## The task
Exactly as written, copy the lines of the data below from the first through the one containing "1 Deakin Court, Warragul VIC 3820".

## Entries supplied
--------------------------------
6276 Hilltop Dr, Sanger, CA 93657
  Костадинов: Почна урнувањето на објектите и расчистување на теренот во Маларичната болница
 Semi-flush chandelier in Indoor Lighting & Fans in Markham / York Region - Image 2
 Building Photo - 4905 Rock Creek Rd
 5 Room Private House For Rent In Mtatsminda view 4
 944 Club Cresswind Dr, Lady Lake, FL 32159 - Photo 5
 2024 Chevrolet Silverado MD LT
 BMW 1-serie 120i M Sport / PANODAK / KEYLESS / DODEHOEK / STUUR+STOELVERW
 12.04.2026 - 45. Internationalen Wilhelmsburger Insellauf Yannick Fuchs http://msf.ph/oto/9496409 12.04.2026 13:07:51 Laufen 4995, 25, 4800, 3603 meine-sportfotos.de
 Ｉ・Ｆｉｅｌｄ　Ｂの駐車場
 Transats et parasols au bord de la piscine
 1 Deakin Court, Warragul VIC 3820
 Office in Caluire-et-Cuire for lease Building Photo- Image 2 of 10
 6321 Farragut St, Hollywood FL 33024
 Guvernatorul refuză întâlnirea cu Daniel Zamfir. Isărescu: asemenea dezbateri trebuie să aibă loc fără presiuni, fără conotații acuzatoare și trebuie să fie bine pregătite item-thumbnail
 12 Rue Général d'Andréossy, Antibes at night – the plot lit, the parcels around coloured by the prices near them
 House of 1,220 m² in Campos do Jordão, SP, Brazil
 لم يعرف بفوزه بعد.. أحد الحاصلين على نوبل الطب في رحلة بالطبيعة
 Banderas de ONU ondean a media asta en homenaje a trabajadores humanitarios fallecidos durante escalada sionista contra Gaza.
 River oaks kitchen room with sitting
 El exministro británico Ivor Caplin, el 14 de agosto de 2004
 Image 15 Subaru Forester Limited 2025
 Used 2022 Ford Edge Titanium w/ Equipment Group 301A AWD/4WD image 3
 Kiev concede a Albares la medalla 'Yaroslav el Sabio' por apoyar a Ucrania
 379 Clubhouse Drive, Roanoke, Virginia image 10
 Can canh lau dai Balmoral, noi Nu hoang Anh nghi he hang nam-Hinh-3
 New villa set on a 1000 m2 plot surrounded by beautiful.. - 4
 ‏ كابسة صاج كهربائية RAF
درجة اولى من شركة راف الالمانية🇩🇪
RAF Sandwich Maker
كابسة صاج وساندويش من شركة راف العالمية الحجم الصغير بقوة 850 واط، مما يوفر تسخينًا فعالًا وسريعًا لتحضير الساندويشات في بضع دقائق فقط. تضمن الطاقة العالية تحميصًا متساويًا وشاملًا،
--------------------------------
## Exercise answer
6276 Hilltop Dr, Sanger, CA 93657
  Костадинов: Почна урнувањето на објектите и расчистување на теренот во Маларичната болница
 Semi-flush chandelier in Indoor Lighting & Fans in Markham / York Region - Image 2
 Building Photo - 4905 Rock Creek Rd
 5 Room Private House For Rent In Mtatsminda view 4
 944 Club Cresswind Dr, Lady Lake, FL 32159 - Photo 5
 2024 Chevrolet Silverado MD LT
 BMW 1-serie 120i M Sport / PANODAK / KEYLESS / DODEHOEK / STUUR+STOELVERW
 12.04.2026 - 45. Internationalen Wilhelmsburger Insellauf Yannick Fuchs http://msf.ph/oto/9496409 12.04.2026 13:07:51 Laufen 4995, 25, 4800, 3603 meine-sportfotos.de
 Ｉ・Ｆｉｅｌｄ　Ｂの駐車場
 Transats et parasols au bord de la piscine
 1 Deakin Court, Warragul VIC 3820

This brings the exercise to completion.